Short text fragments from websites
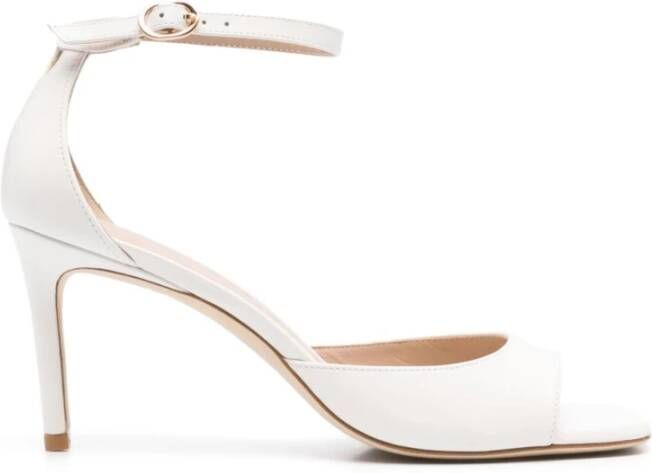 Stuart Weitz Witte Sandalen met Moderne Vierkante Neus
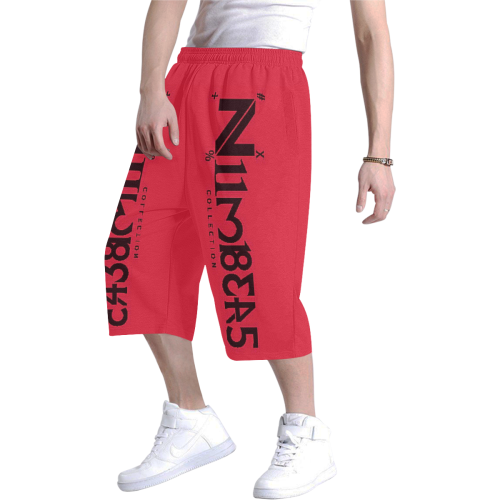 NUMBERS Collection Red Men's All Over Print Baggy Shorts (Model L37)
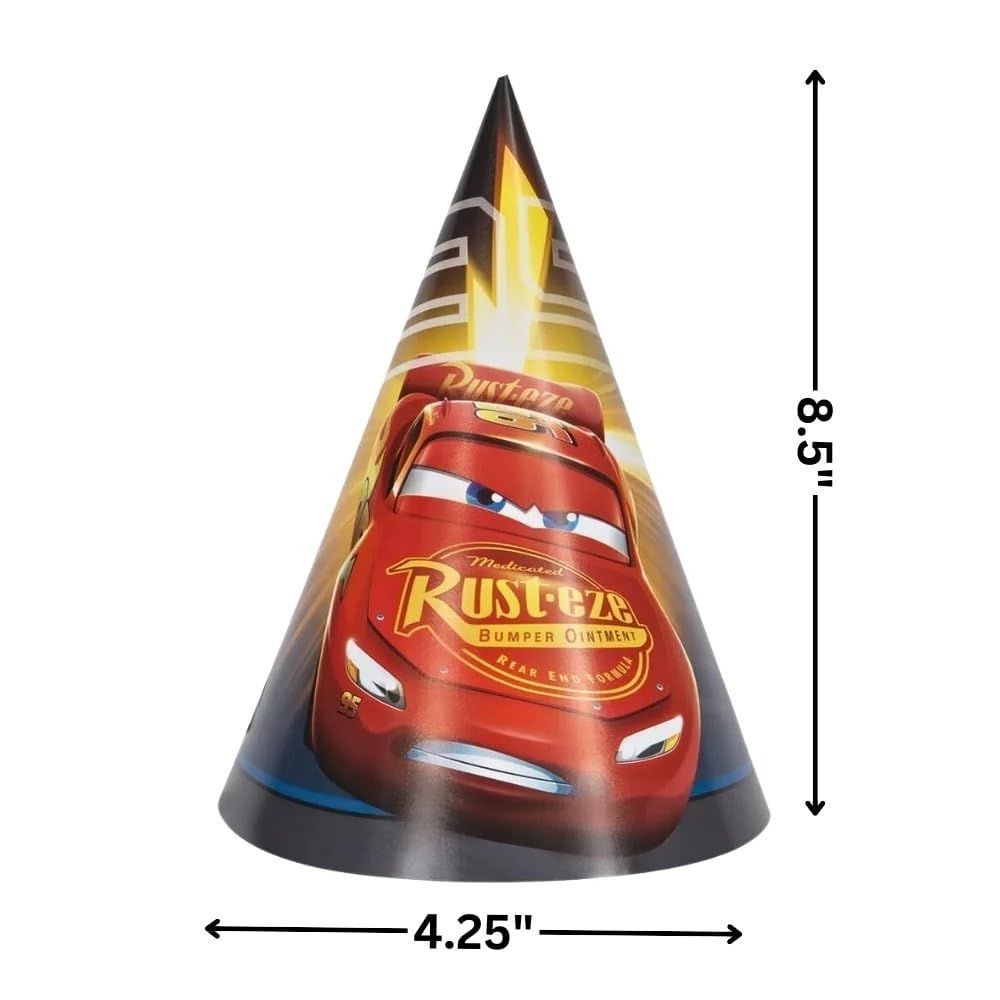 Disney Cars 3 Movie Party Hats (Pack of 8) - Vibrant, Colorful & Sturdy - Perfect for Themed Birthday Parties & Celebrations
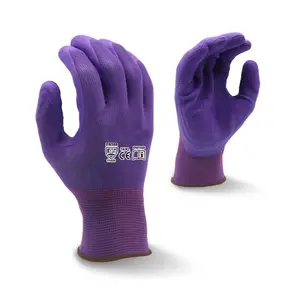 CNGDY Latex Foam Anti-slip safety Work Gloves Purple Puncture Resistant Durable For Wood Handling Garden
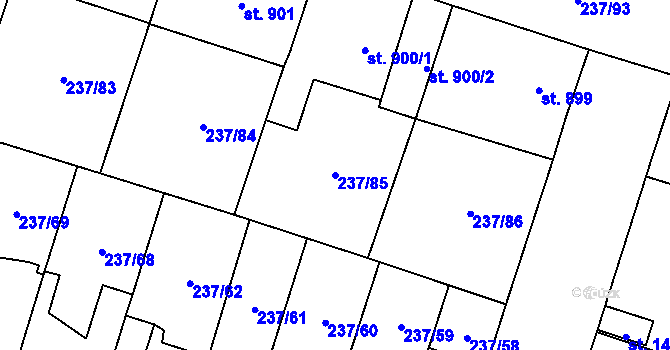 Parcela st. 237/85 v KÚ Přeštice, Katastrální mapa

→ **Exercise prompt**: Exclude images. Return the data above verbatim.

→ **Result of the task**:
 Stuart Weitz Witte Sandalen met Moderne Vierkante Neus
 NUMBERS Collection Red Men's All Over Print Baggy Shorts (Model L37)
 Disney Cars 3 Movie Party Hats (Pack of 8) - Vibrant, Colorful & Sturdy - Perfect for Themed Birthday Parties & Celebrations
 CNGDY Latex Foam Anti-slip safety Work Gloves Purple Puncture Resistant Durable For Wood Handling Garden
 Parcela st. 237/85 v KÚ Přeštice, Katastrální mapa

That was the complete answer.